Urged along by his hands-on owner Joe Lacob, Myers made a series of what he considered extreme long-shot attempts to put together a move for Iguodala, efforts that eventually came to fruition when the Utah Jazz, in exchange for a package of draft picks, agreed to take on the salary the Warriors needed to shed in order to make room for Iguodala.

Golden State had already taken itself out of the running for Howard but Morey nervously saw the chips falling into place for a deep roster that could surround Howard and attract him to Oakland. Morey quickly tried to refortify his own position by seeing if Mark Cuban would part with Nowitzki since the Mavericks had already lost the opportunity to sign Howard.

What Morey didn't know is that Howard's camp had already notified Cuban that the Rockets had won the Dwight sweepstakes and Howard was on his way to Houston. The purpose of Morey's texts must be gloating, Cuban concluded. Although Morey stated that this confusion was soon cleared up, Cuban continued to say publicly in the days following that Morey had tried to rub it in.

While both Morey and Myers described their respective owners as activist, closely involved in the player personnel decision-making process, this description was clearly not intended as a relative comparison to Cuban.


* * *

New NBA commissioner Adam Silver revealed that his initial reaction to "The Draft Wheel" proposal presented by Celtics' executive Mike Zarren was one of great enthusiasm.

The Wheel would simply rotate teams in order of selections 1-30 so that each team would draft consecutively from every position in the first round over a 30-year span.

Silver viewed it as a brilliantly simple solution to the problems of the current system, which may unintentionally incentivize some teams to lose as many games as possible in order to improve their draft position.

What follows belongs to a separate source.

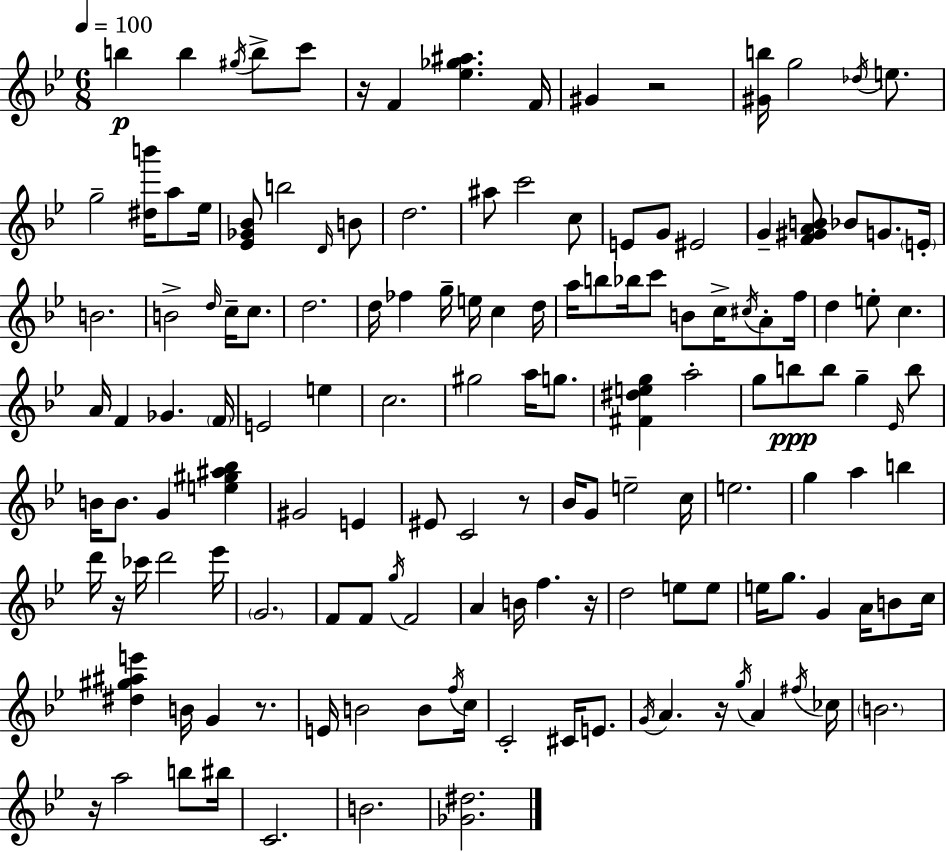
B5/q B5/q G#5/s B5/e C6/e R/s F4/q [Eb5,Gb5,A#5]/q. F4/s G#4/q R/h [G#4,B5]/s G5/h Db5/s E5/e. G5/h [D#5,B6]/s A5/e Eb5/s [Eb4,Gb4,Bb4]/e B5/h D4/s B4/e D5/h. A#5/e C6/h C5/e E4/e G4/e EIS4/h G4/q [F4,G#4,A4,B4]/e Bb4/e G4/e. E4/s B4/h. B4/h D5/s C5/s C5/e. D5/h. D5/s FES5/q G5/s E5/s C5/q D5/s A5/s B5/e Bb5/s C6/e B4/e C5/s C#5/s A4/e F5/s D5/q E5/e C5/q. A4/s F4/q Gb4/q. F4/s E4/h E5/q C5/h. G#5/h A5/s G5/e. [F#4,D#5,E5,G5]/q A5/h G5/e B5/e B5/e G5/q Eb4/s B5/e B4/s B4/e. G4/q [E5,G#5,A#5,Bb5]/q G#4/h E4/q EIS4/e C4/h R/e Bb4/s G4/e E5/h C5/s E5/h. G5/q A5/q B5/q D6/s R/s CES6/s D6/h Eb6/s G4/h. F4/e F4/e G5/s F4/h A4/q B4/s F5/q. R/s D5/h E5/e E5/e E5/s G5/e. G4/q A4/s B4/e C5/s [D#5,G#5,A#5,E6]/q B4/s G4/q R/e. E4/s B4/h B4/e F5/s C5/s C4/h C#4/s E4/e. G4/s A4/q. R/s G5/s A4/q F#5/s CES5/s B4/h. R/s A5/h B5/e BIS5/s C4/h. B4/h. [Gb4,D#5]/h.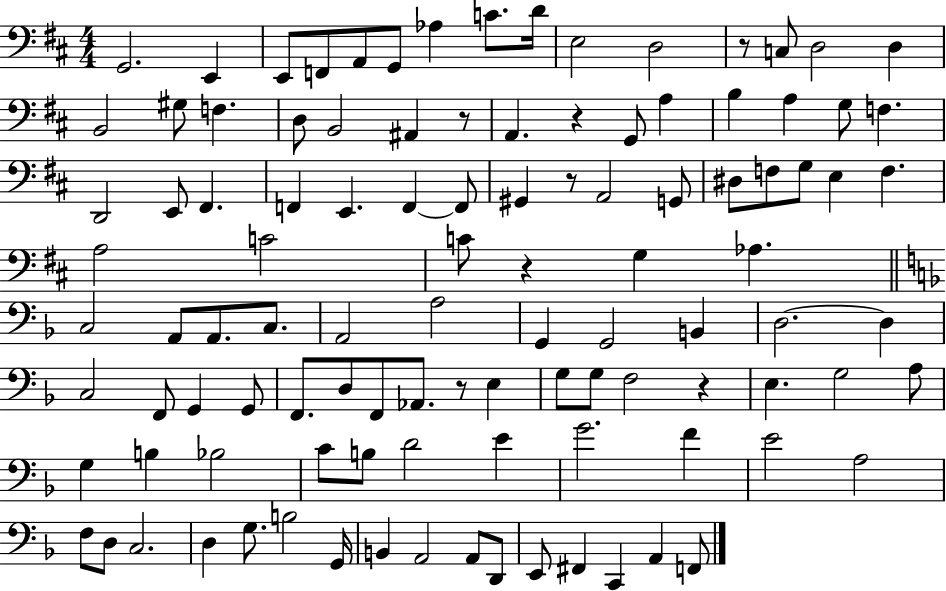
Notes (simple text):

G2/h. E2/q E2/e F2/e A2/e G2/e Ab3/q C4/e. D4/s E3/h D3/h R/e C3/e D3/h D3/q B2/h G#3/e F3/q. D3/e B2/h A#2/q R/e A2/q. R/q G2/e A3/q B3/q A3/q G3/e F3/q. D2/h E2/e F#2/q. F2/q E2/q. F2/q F2/e G#2/q R/e A2/h G2/e D#3/e F3/e G3/e E3/q F3/q. A3/h C4/h C4/e R/q G3/q Ab3/q. C3/h A2/e A2/e. C3/e. A2/h A3/h G2/q G2/h B2/q D3/h. D3/q C3/h F2/e G2/q G2/e F2/e. D3/e F2/e Ab2/e. R/e E3/q G3/e G3/e F3/h R/q E3/q. G3/h A3/e G3/q B3/q Bb3/h C4/e B3/e D4/h E4/q G4/h. F4/q E4/h A3/h F3/e D3/e C3/h. D3/q G3/e. B3/h G2/s B2/q A2/h A2/e D2/e E2/e F#2/q C2/q A2/q F2/e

The Wheel would also deliver welcome certainty to GM's and their staffs, making every future pick known to every team for purposes of making trades and planning payroll.

Then Silver decided to "socialize" the idea by circulating it among his team owners, some of whom raised the concern that such a system could result in draft prospects skipping a year of eligibility in order to steer themselves away from or toward certain teams.

Silver said the league will continue to study the principles and possible unintended consequences of The Wheel more closely.  While acknowledging some shortcomings in the current system (after all, why else would he be interested by any alternative?), Silver at the same time defended the status quo. He repeated his definition of "tanking": a team's coach or management actively instructing that team to lose any particular ballgame or otherwise taking game-specific steps to cause a loss (i.e., throwing a game). Let's call this tanking in the first degree, and nobody has accused any NBA team of this offense.

In fact, we all know that there's another kind of tanking and one that more than a couple of teams are illustrating with real-life examples this season. A day earlier, Bryan Colangelo sat on the same stage at the Boston conference and expressly confessed to undertaking this alternative form of tanking as the head of basketball operations in Toronto (i.e., fielding a purposefully weak roster in order to maximize chances of a high lottery pick). Let's call this tanking in the second degree.

Silver questioned whether in fact the numbers would support the effectiveness of tanking as a strategy – implying that attempts to engineer a poor season in order to more dramatically improve a team’s roster through the draft have not been shown to be successful. That may well be true. But that speaks more to the wisdom of the alleged practice rather than its existence.

In the end, Silver cited the public “chatter” on the subject as a concern in and of itself. Officers of the court call this the appearance of impropriety, and it’s clear that the very perception of tanking in the second degree is taking hold, which has become a problem of its own for the NBA. It’s a fair bet that Silver also privately understands that teams are in fact committing the act of tanking in the second degree.

Whichever degree of tanking one’s concerned with, The Wheel would make it a thing of the past.